Who proposed, influenced or made the decision to send Philby to Washington DC?  The first person under consideration would be Philby’s boss at the time, Sir Stewart Menzies, Head of SIS.  However, it must be the case that in July 1949 when British Intelligence cryptanalysts uncovered Fuchs’ atomic espionage on behalf of the Soviet Union, this development was immediately brought in person to Prime Minister Winston Churchill.  It was Churchill’s decision then to finesse the Americans by not informing Truman and/or the FBI. The immediate requirement for the Prime Minister and his intelligence Chiefs was damage control.  Who then among Churchill’s advisers put forward Philby as the best operative to send to the US to finesse/contain the situation?  Moscow Rules require that individual to also have been a Soviet Agent.

Footnotes

1.  The FBI-KGB War, Robert J. Lamphere and Tom Shachtman, 1995, page 134.  “I grabbed Ernie Van Loon who had recently come to work with my section, and together we asked he AEC for a copy of that scientific paper which the Russian message had summarized.  In two short days we learned that Klaus Fuchs was the author of the paper summarized in the KGB message, and that Fuchs was one of the top British scientists on the Manhattan Project.”  Van Loon’s transfer from Los Angeles to FBIHQ occurred in July 1949.

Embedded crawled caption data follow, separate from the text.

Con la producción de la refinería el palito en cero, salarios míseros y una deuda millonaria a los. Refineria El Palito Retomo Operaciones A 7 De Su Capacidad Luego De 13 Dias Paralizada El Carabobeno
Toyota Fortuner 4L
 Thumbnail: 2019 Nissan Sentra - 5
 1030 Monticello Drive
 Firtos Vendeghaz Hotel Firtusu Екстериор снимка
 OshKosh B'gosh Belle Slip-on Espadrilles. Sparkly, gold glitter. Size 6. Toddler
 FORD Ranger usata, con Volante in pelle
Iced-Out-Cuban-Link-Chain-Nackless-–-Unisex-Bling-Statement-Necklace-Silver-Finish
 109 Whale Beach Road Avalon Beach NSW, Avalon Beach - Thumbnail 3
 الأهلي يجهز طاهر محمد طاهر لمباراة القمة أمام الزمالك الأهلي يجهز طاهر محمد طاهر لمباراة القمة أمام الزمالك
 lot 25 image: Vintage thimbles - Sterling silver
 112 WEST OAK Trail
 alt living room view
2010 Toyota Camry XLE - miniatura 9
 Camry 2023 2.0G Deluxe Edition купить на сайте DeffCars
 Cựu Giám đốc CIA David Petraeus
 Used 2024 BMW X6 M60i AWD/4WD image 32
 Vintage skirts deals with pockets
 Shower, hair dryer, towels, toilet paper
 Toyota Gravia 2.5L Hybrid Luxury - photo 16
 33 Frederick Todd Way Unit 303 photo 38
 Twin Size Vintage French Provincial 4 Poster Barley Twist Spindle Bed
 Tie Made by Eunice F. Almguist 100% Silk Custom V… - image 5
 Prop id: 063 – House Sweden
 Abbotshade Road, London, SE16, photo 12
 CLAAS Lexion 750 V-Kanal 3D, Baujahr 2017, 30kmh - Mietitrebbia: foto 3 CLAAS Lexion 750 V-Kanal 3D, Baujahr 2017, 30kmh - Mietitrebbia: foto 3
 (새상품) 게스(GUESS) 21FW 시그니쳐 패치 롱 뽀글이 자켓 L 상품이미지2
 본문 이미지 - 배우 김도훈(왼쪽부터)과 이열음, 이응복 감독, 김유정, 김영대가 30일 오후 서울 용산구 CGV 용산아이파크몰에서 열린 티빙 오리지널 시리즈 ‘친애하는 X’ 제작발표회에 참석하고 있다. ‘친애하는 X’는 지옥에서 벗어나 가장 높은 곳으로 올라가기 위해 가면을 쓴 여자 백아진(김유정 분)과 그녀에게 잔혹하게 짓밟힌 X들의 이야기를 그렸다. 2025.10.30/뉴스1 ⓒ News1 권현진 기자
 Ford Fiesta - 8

2.  The Perfect English Spy, Tom Bower, 1995.  Biography of Dick Goldsmith White, Director of MI5.   A.  “Two more Venona messages from Washington to Moscow had been decrypted. One summarized a working document from the Manhattan Project and another identified the author and source.  The source was unmistakably identified as Klaus Fuchs. The breakthrough was passed to White. Reading Fuchs personal file, White appreciated MI5’s compromised position.” Bower, page 92.  B.  “After July 1949, Fuchs’s telephone [at Harwell] had been tapped and his mail intercepted.”  Bower, page 95.

3.  The Haunted Wood, Allen Weinstein and Alexander Vassiliiev, 1999, page 318.  “Gold received a coded letter on July 18, 1949: “Dear Harry, Just got back to New York and am going to stay here for about three weeks. Will be very glad to see you if you suggest when you can come. Yours sincerely, John.”

4.  The Man Behind the Rosenbergs, Alexander Feklisov, 2001, page 226.  “I had six covert meetings with Klaus Fuchs from September 1947 to April 1949, one every three to four months.” (page 214);  “Our next meeting on April 1, 1949, was to be the final one.”

5.  My Silent War, Kim Philby, Chapter 10, The Lion’s Den, page 183.  “In the summer of 1949, I received a telegram from headquarters …..  decide to accept the offer.”